**Task description**
Everything in the listing should be copied exactly, save for the pictures.

**Source material**
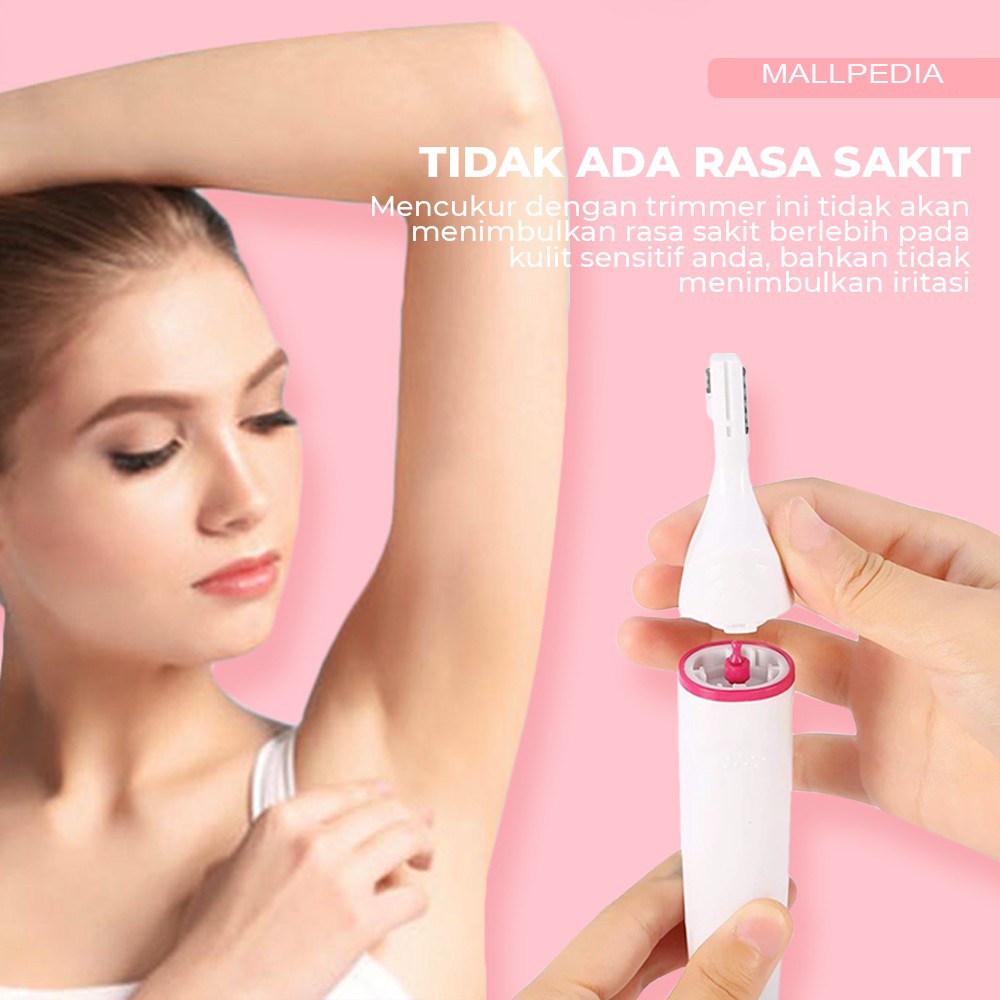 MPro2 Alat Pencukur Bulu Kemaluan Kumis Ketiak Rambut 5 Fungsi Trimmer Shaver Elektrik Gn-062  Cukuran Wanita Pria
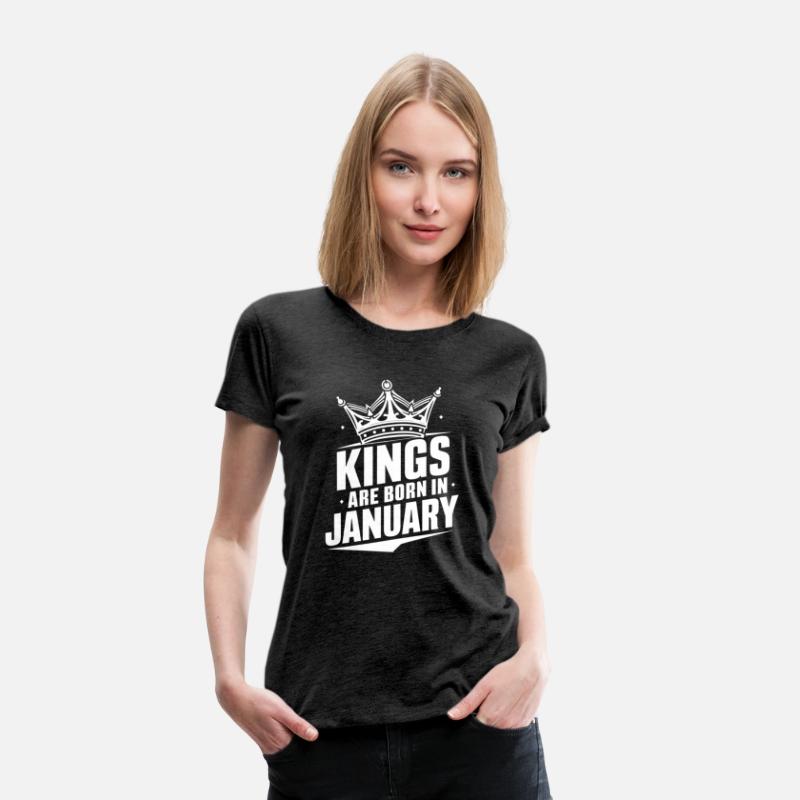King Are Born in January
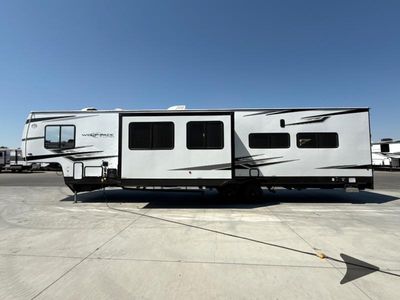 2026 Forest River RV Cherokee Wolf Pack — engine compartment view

**Task result**
 MPro2 Alat Pencukur Bulu Kemaluan Kumis Ketiak Rambut 5 Fungsi Trimmer Shaver Elektrik Gn-062  Cukuran Wanita Pria
King Are Born in January
 2026 Forest River RV Cherokee Wolf Pack — engine compartment view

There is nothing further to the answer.